N900 vs Nexus One: Confessions of an Android user

I wrote this post back in April earlier this year. I’d say around the 10th. Time got the better of me and I never got ’round to publishing. After much deliberation I thought I’d throw it up. Just in case it still holds weight. Your comments, as ever, are welcome…

The N900 and the Nexus One. My two main phones at the moment. Both brilliant in their own right. The former still proving the model of awesome content consumption while the latter still manages to surprise with the quality of its creative skills.

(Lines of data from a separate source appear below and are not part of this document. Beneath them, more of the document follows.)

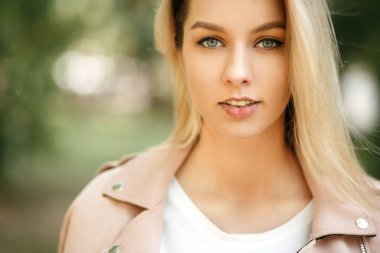 Taze güneşli bir parkta güzel bir genç sarışın kadın portresi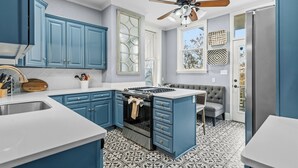 A kitchen with blue cabinets, a stove, and a ceiling fan. - The Darcy Victorian Home - Walk to Downtown, Grill, Large Dining (Hot Springs)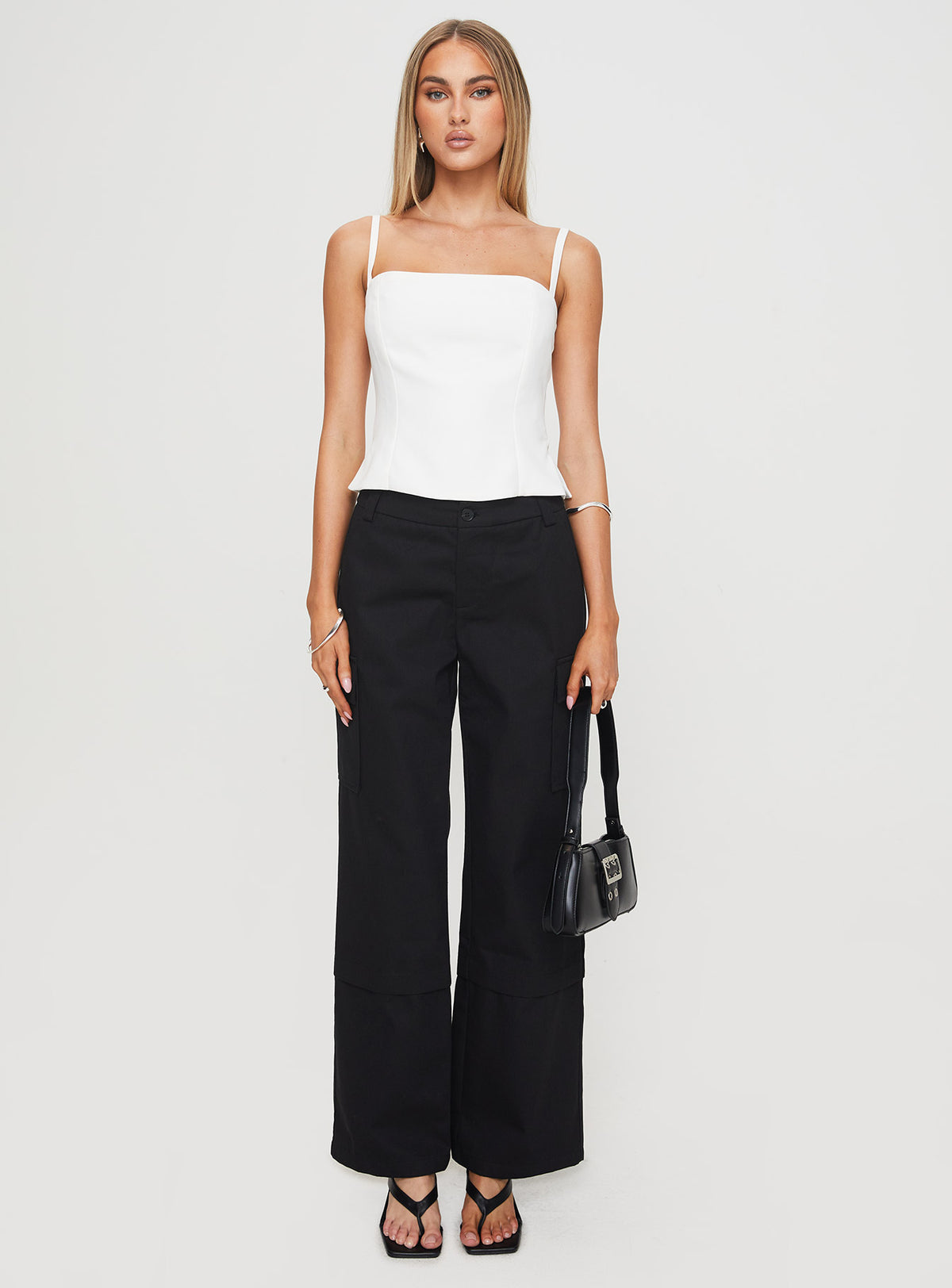 front view of model wearing Princess Polly Raider Low Waist Cargo Pant Black High Rise Pants Pants 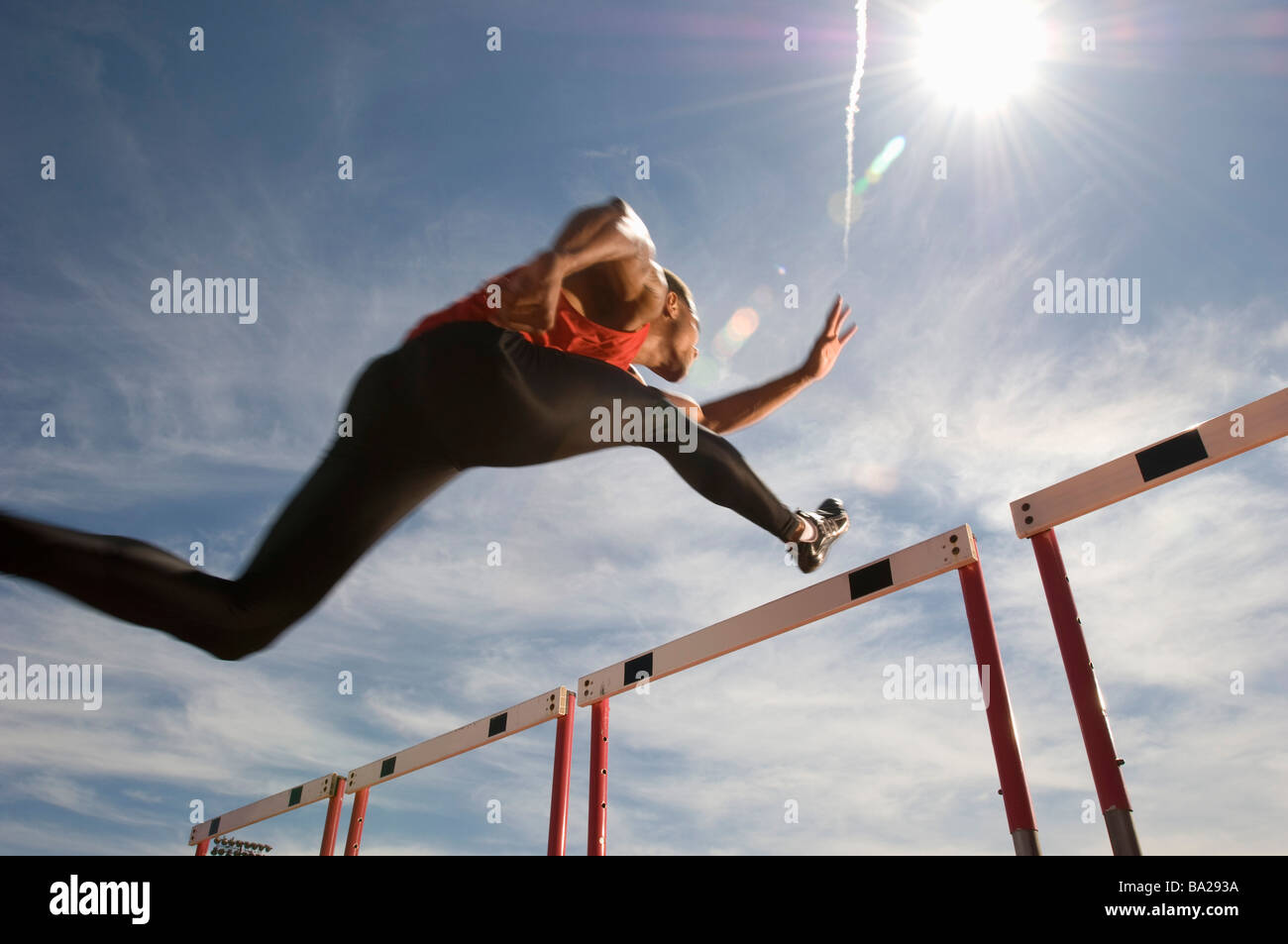 Läufer, die einen Sprung über die Hürde, niedrigen Winkel Ansicht ausführen Stockfoto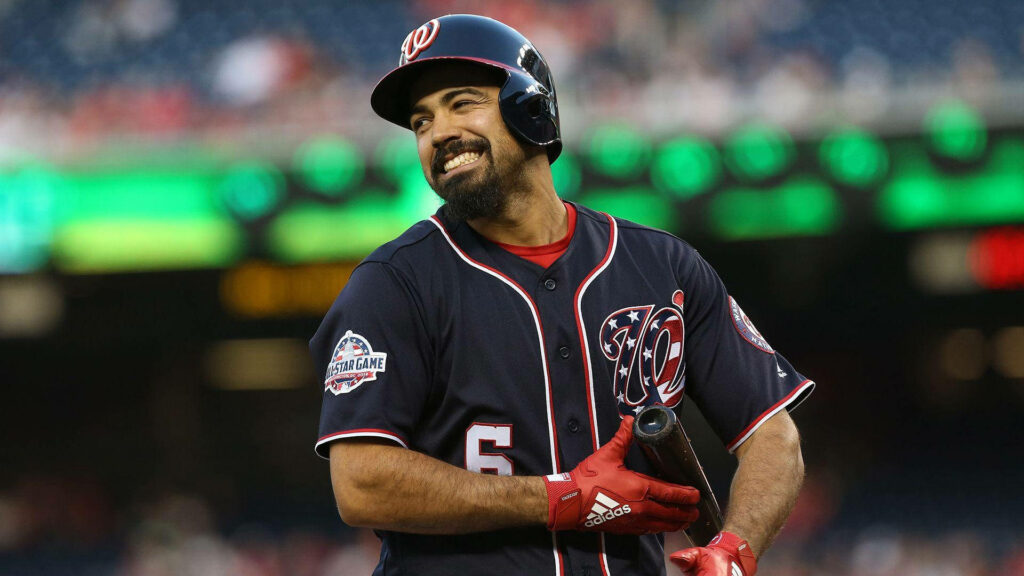 Anthony Rendon in Washington Nationals uniform smiling holding bat on field with bright stadium lights Wallpaper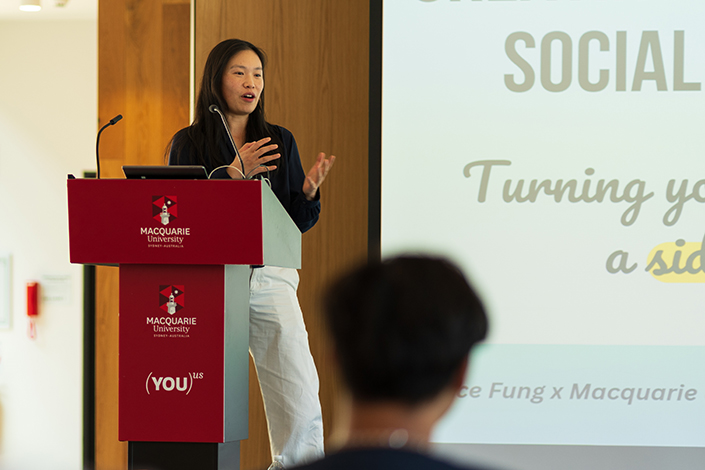 Janice Fung speaking on stage with a presentation at a Macquarie University event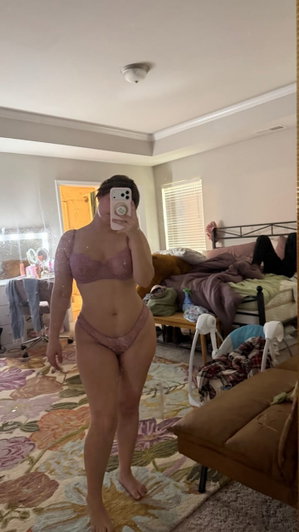 Woman in pink lingerie taking mirror selfie in bedroom.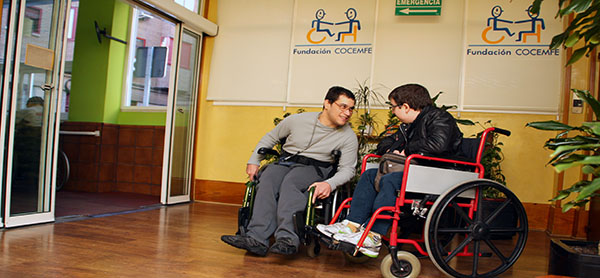 Dos usuarios charlan a la entrada de la residencia de Fundación COCEMFE en Madrid, financiada por el IRPF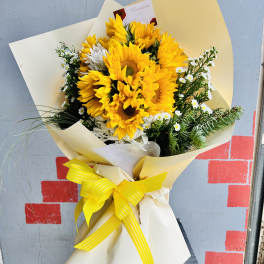 Bouquet of yellow sunflowers with white filler flowers in cream wrapping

There isn’t much I can say about the Nexus One that I haven’t already said in my HTC Magic review of old. But, to recap –

The phone is nearly perfect and for the month that followed Mobile World Congress (where I came to own said device), it was my only phone.

That’s right, my ONLY PHONE.


The N900 has done this for me before too, so what’s the difference? These past few days I’ve come to realise exactly what; the Nexus One isn’t a phone. I don’t use it as a phone and I don’t think it was ever truly going to be a phone.

Slowly but surely the shortcomings of the device have revealed themselves. None more so than a recent excursion to see Frightened Rabbit. I left the office and wanted to travel light, deciding to only pack one phone (heresy, I know). A quick glance at my two devices revealed the N900 was running low on the battery front. I grabbed the Nexus and left.

Miss Vikki Chowney joined me en route, herself (at the time) testing out the Nokia E72.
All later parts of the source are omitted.